It’s very important! But I’m also conscious of the fact that I can’t sit down with all of the people I communicate with in a cozy spot and have a quiet, personal conversation. Frequently, I only have a short time and that’s where digital media are a big help.

From the perspective of a journalist: Have social media changed the way young people form their opinions about politics, for example?

What’s changed more than anything else: There are many more sources of opinion. This is the challenge today, and not just for young people. There used to be less media, and for many people, it was clear that most were at least trustworthy. Today, the digital world offers thousands of sources. So, it isn’t always easy to classify information these days. I’ll give an example: The information someone sees on Facebook depends on how they use Facebook, that is, which friends they follow and what topics they prefer to have a look at. Facebook filters content according to user behavior. It favors things that the user clicks on. People often don’t understand that, especially young people.

So, as a user, you see content that more often confirms your own beliefs?

Yes, that can happen, you can curl up in your own filter bubble and only receive information that corresponds to what you are interested in and believe. The actual impact of the filter bubble has not been scientifically proven, however. There are still too few research results. But there is a risk of falling into a simplified worldview.

In your view, how do young people get informed through media these days?

Above all they communicate via Messenger; that’s where they share a lot of content. Snapchat and Instagram are important, but with those it’s more about self-representation than about sharing current affairs. As far as traditional TV goes, especially news programs, it’s only the older kids who watch, but mostly together with their parents.

Children and adolescents turn to YouTube rather.

In the political sphere, there are relatively few formats for young people. For those that are out there, I get the feeling it’s mostly teachers watching. As if they’re thinking: Let’s see what kids are watching. Most successful YouTube formats are just for entertainment.

Is that cause for concern?

No, back in the day, no one rushed out to read policy books put out by research institutes. I think that adults should accept that children and adolescents have other interests. Instead, adults should offer things that young people are interested in and involve them more in decision-making processes.

Is there even such a thing as a guide for young people through the media jungle?
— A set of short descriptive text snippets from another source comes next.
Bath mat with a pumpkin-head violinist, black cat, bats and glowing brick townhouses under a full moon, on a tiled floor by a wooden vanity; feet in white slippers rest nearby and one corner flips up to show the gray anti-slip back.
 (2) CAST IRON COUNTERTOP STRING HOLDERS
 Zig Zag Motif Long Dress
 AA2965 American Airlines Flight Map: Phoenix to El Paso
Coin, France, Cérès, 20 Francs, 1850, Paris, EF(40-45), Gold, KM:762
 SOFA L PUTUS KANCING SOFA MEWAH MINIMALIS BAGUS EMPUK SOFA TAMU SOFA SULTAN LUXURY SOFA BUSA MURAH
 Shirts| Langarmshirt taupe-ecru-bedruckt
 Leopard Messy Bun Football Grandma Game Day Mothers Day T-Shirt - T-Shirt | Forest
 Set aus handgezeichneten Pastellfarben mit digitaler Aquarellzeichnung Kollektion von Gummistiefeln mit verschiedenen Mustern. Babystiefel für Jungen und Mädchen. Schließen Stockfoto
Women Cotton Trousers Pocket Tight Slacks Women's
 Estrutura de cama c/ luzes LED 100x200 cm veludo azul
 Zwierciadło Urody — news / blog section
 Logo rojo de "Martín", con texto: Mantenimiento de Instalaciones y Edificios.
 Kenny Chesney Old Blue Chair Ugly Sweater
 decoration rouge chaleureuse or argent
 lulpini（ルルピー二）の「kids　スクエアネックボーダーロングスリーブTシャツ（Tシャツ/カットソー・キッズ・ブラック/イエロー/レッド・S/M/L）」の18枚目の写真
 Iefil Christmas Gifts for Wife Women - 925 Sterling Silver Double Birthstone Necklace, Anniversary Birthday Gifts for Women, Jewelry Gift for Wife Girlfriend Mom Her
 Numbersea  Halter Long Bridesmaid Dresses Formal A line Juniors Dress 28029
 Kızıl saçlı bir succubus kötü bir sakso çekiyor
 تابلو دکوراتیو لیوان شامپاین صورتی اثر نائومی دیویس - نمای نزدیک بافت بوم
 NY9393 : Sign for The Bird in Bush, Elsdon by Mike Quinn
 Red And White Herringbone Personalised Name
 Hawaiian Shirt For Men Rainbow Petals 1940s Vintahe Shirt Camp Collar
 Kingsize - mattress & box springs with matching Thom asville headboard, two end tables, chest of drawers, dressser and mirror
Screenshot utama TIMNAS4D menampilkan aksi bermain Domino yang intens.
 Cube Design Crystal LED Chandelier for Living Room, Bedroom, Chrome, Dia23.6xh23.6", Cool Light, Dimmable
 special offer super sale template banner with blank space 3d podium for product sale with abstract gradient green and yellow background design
Of course, YouTube is proving that as we speak. A few years ago, the Bravo magazin was an important guide for youngsters in Germany going through puberty. This role is now being taken over by YouTubers. They take on topics that young people are interested in. Older people may have trouble understanding what is going on. Social media work very differently, to put it simply. But with many phenomena of digitization, we’re actually talking about societal phenomena.

What do you mean?

Populism for example has always existed. Is it growing now because digital media allow for its rapid spread or is globalization playing a larger role, because social conditions are becoming ever more precarious for people? It’s tough to give a definite answer in response to this question. Because both technological progress and social phenomena are significant here. I find this dichotomy is reflected in the media world as well. If you grew up with newspapers, the communication forms that young people use can be incomprehensible. There’s nothing out of the ordinary there.

What can you recommend to parents in this regard?

Get interested in the topics that interest young people. Listen to them and talk with them about it.

About the interviewee: Markus Beckedahl is editor in chief and founder of netzpolitik.org. The blog deals with digital freedom rights and other internet politics issues. He is also founder of the conference re:publica, which annually deals with topics such as the digital society and Web 2.0.

The interview was conducted by Martin Daßinnies.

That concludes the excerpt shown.